▸ **Dataset excerpts**:
[Start of section]

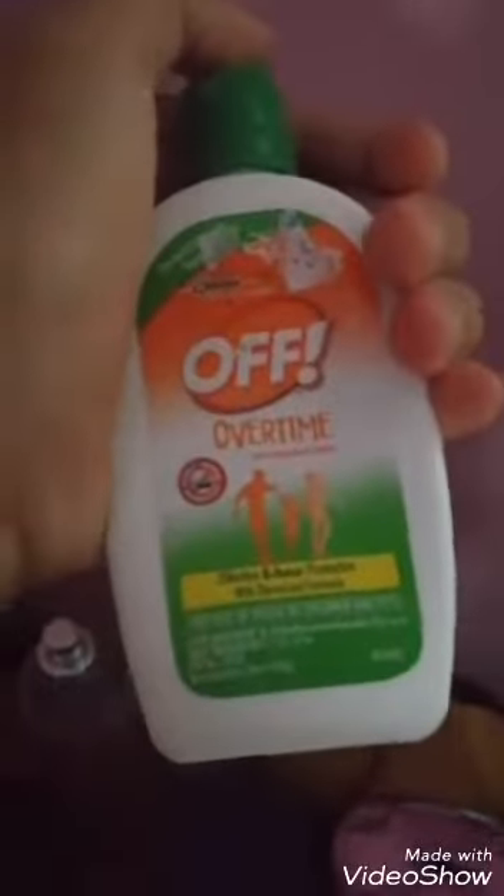All you do to make this is: you put water, and — what's that word again — you put a hole in the lid. And you put this lotion, it's called Off. So there's no more dengue. And I'm going to put it everywhere — once I put it everywhere, no more insects will come to me.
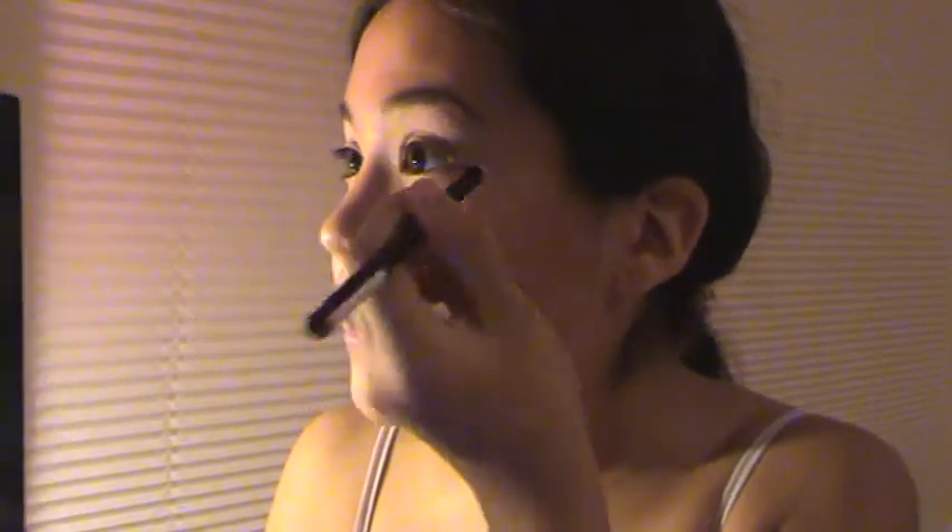Now we're going to take a black eyeliner pencil — I'm just using the Rimmel one. You want to make a very thin line because all these looks are very, very thin and natural. I say go for pencil because liquid eyeliner gives more of a dramatic look, so I would not use it for this look — just pencil, and pencil is much cheaper. Then you'll put some on the lower lash line as well.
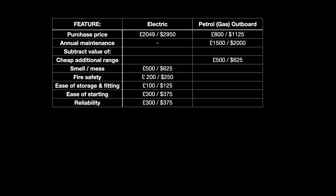Adding up the costs and subtracting the benefit values gives a comparison number — a way of comparing the relative benefits of electric versus petrol for me. The comparison number for the electric came out as £649 or $1,200, whereas for a petrol outboard I got £1,800 or $2,500, making it really clear that for me it was a much better deal to have an electric outboard. Let me know in the comments how this comparison worked out for you.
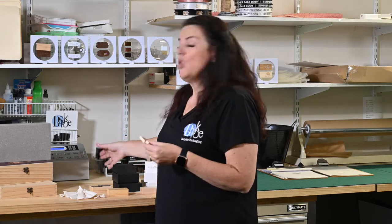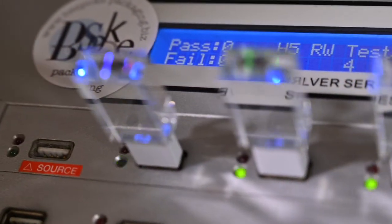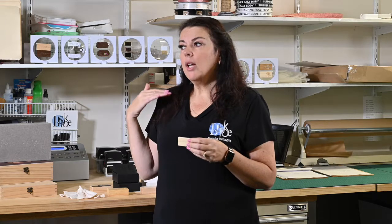Before you get your USB, to make sure that you don't have all of these problems, all of our USBs are checked at our factory before they come to us. Once they come here, we check them again on this checking machine here — we put data onto each USB, then we read the data, and then they're reformatted, ready to go.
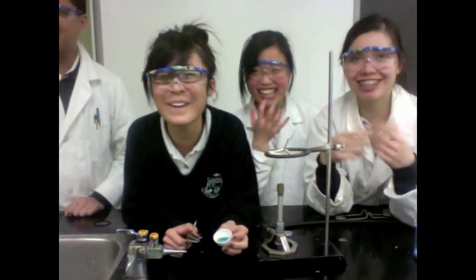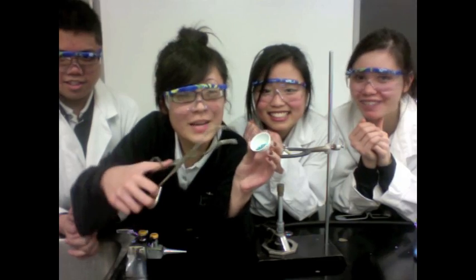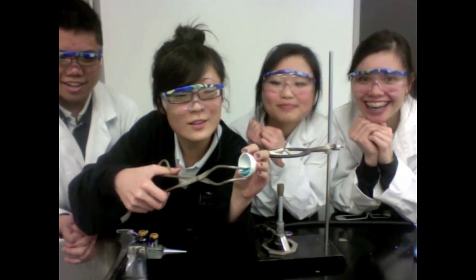We're making a hydrate cookie — this is a secret! Now that the crucible has cooled down, you can remove the contents using tongs. Look what I made — you can remove it and it's called a hydrate cookie!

[End of section]

▸ **Task details**: All that is required is an exact reproduction of the lines from the one containing "Before you get" to the final line of the listing above, pictures omitted.

▸ **Output of the task**:
Before you get your USB, to make sure that you don't have all of these problems, all of our USBs are checked at our factory before they come to us. Once they come here, we check them again on this checking machine here — we put data onto each USB, then we read the data, and then they're reformatted, ready to go.
We're making a hydrate cookie — this is a secret! Now that the crucible has cooled down, you can remove the contents using tongs. Look what I made — you can remove it and it's called a hydrate cookie!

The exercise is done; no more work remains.